PROBLEM STATEMENT - When you reach the line that contains "Second bedroom - 741 Mikkelsen Dr", set down that line and every one after it through the end of the records, exactly as written and with no pictures.
[TASK INPUT]
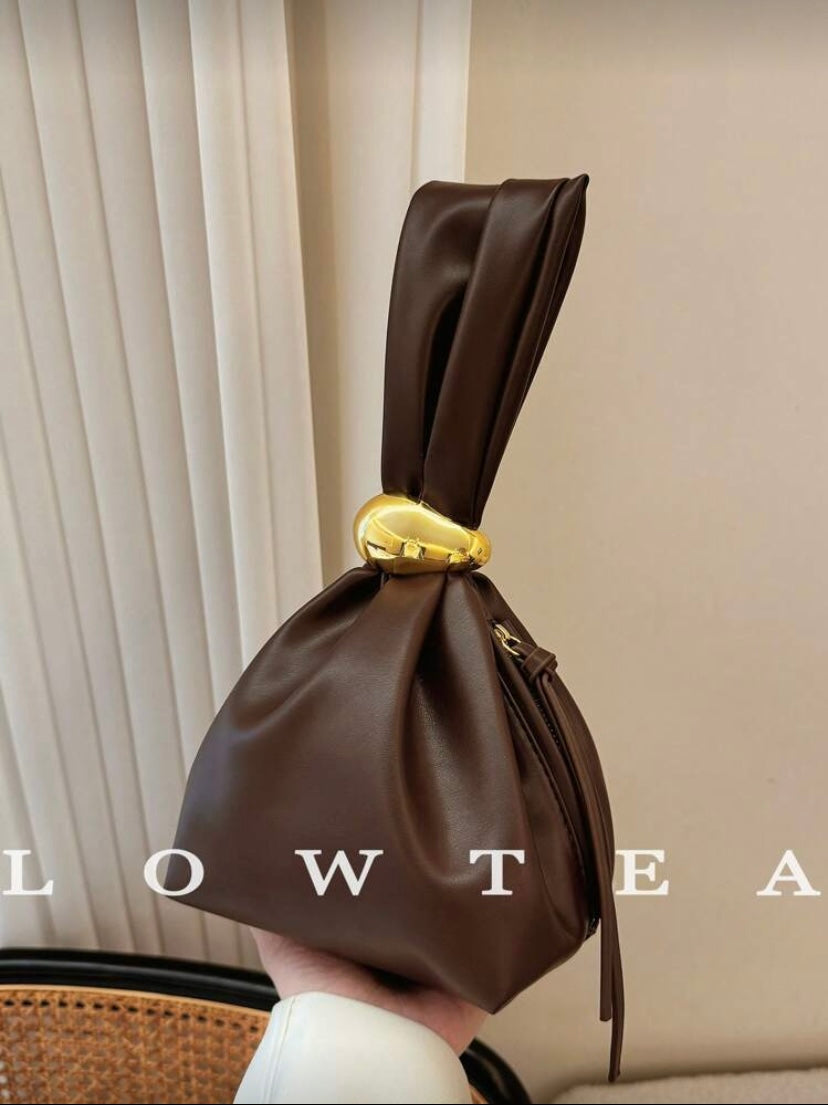 Mini sac nuage plissé en simili cuir avec fermeture éclair et détails métalliques, style élégant pour usage quotidien 👜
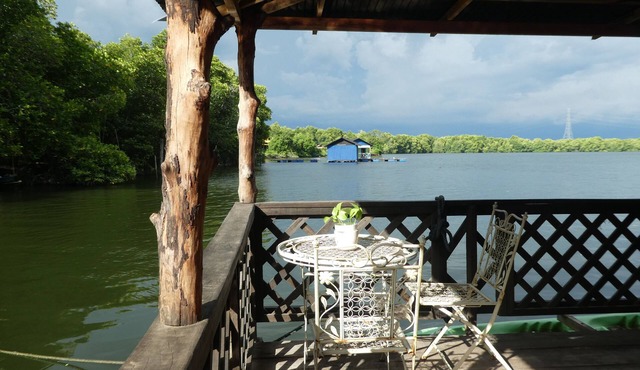 Bakau Hijau Riverlodge - Hostel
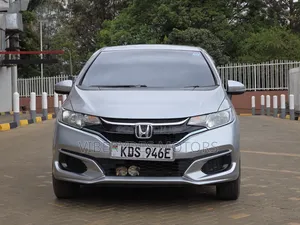 Honda Fit Hybrid 2017 Silver
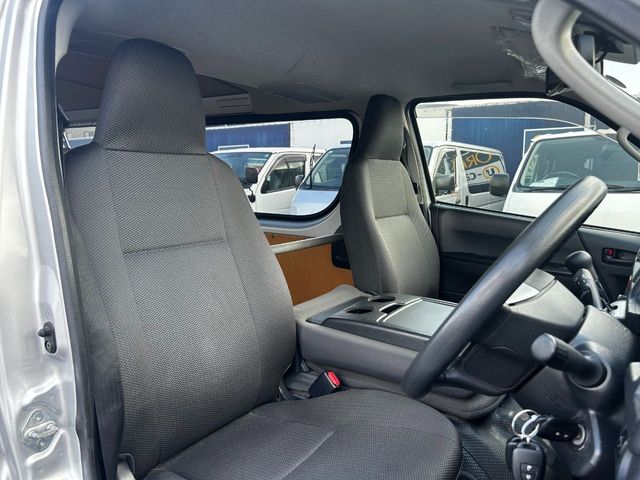 TOYOTA REGIUSACE VAN 1.15T 2019 Image 31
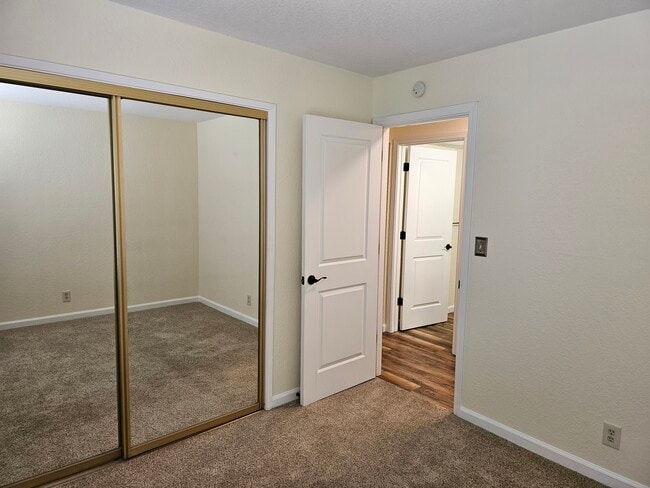 Second bedroom - 741 Mikkelsen Dr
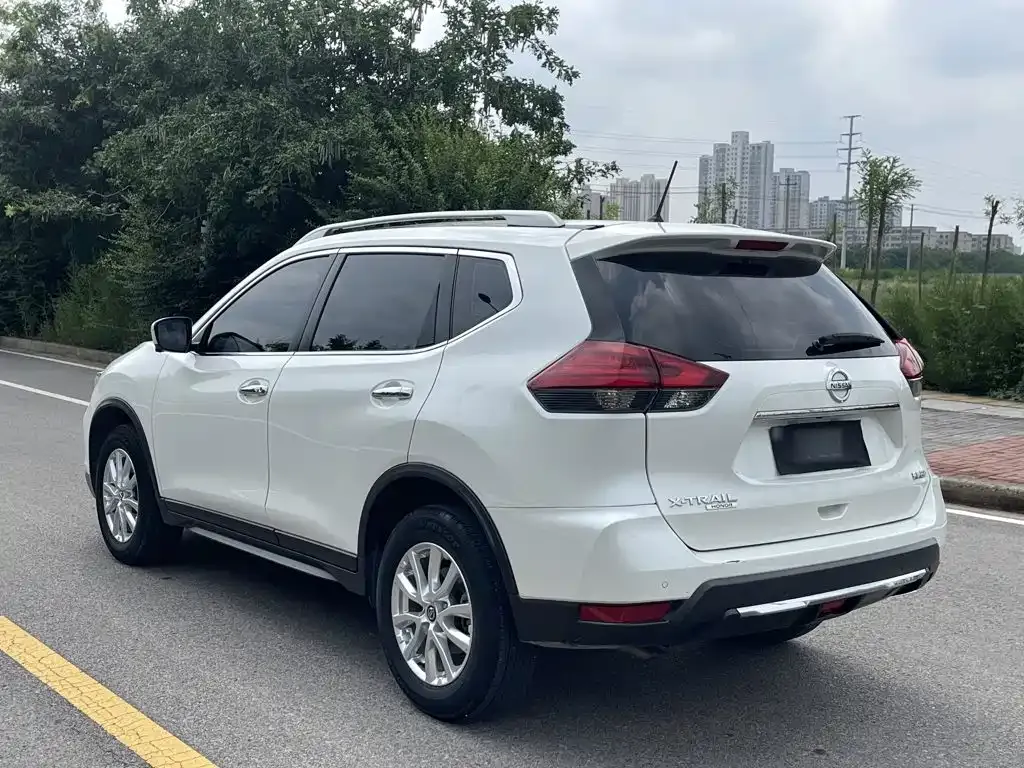 Nissan X-Trail — фото 10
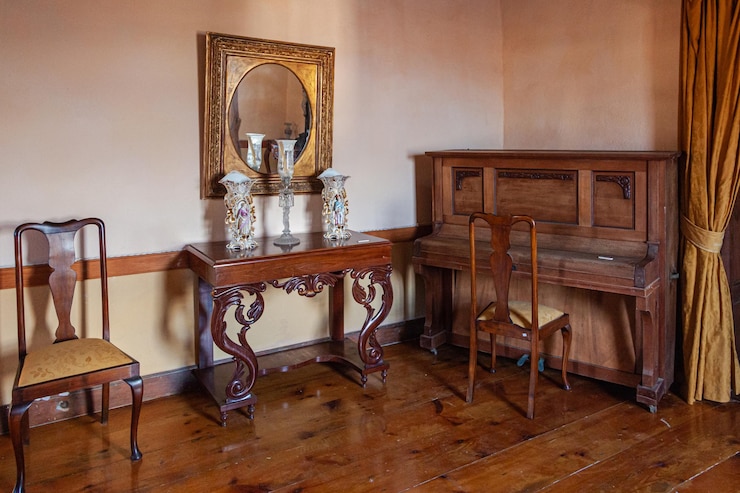 Photo vintage wooden furniture in the interior of an old house, fuerteventura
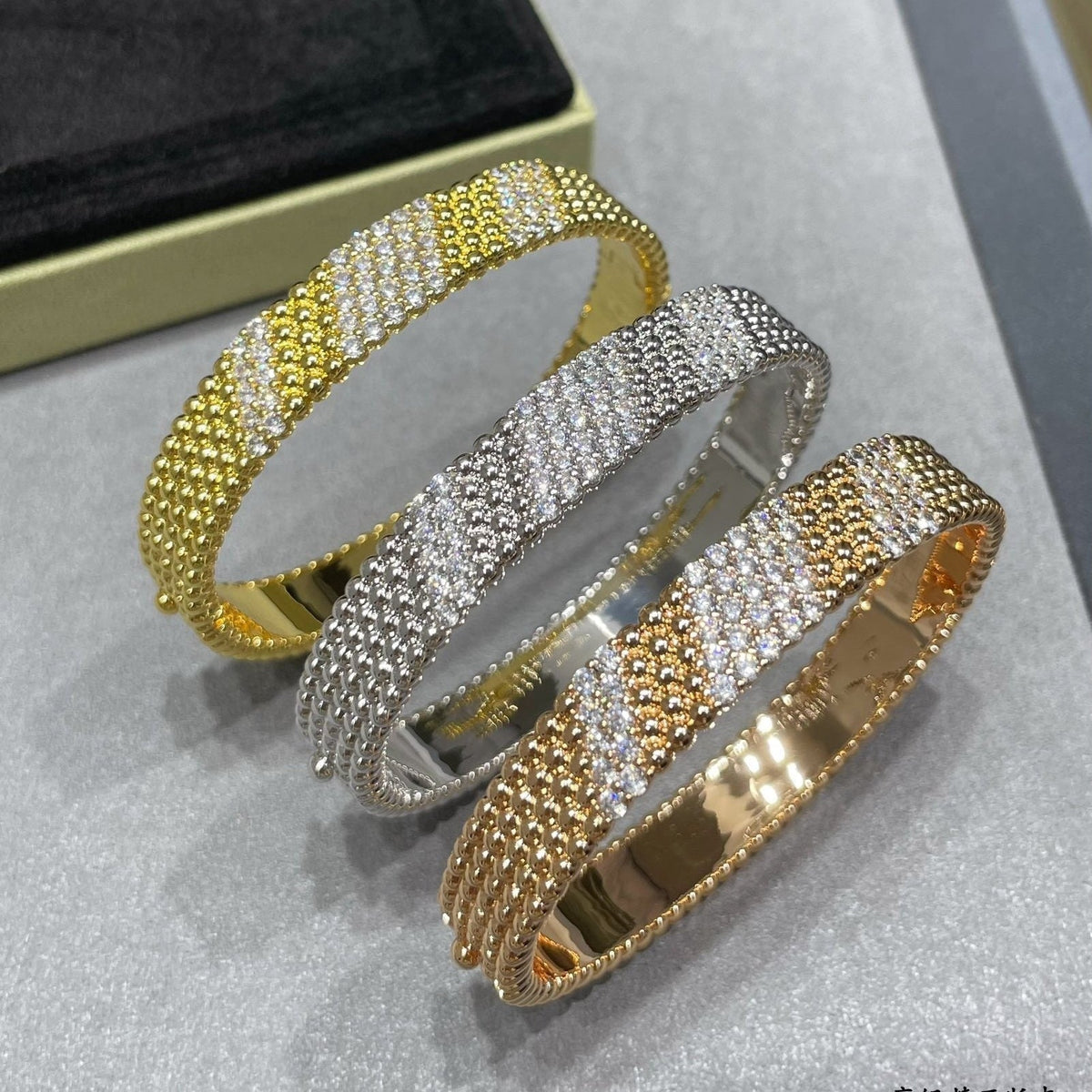 PERLEE DIAMOND BRACELET ,5-ROW DIAMOND-SET DESIGN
[/TASK INPUT]
THE ANSWER -
 Second bedroom - 741 Mikkelsen Dr
 Nissan X-Trail — фото 10
 Photo vintage wooden furniture in the interior of an old house, fuerteventura
 PERLEE DIAMOND BRACELET ,5-ROW DIAMOND-SET DESIGN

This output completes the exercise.